### Work instruction
Print the records below word for word, beginning with the first line and ending once the line containing "Ref: Corazón Realista" is printed.
═══ Data section
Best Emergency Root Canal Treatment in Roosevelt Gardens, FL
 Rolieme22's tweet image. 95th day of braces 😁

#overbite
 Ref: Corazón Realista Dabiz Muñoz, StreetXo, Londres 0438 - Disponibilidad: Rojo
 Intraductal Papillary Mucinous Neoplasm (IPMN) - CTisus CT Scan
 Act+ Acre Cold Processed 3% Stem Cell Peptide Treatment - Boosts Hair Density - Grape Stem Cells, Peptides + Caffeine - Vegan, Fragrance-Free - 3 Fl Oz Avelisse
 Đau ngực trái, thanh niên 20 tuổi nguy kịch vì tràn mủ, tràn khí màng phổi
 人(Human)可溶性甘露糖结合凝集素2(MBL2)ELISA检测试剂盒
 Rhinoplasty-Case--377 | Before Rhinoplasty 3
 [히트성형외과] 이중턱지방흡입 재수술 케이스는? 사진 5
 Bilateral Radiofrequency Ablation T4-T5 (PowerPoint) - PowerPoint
══════
### Task answer
Best Emergency Root Canal Treatment in Roosevelt Gardens, FL
 Rolieme22's tweet image. 95th day of braces 😁

#overbite
 Ref: Corazón Realista Dabiz Muñoz, StreetXo, Londres 0438 - Disponibilidad: Rojo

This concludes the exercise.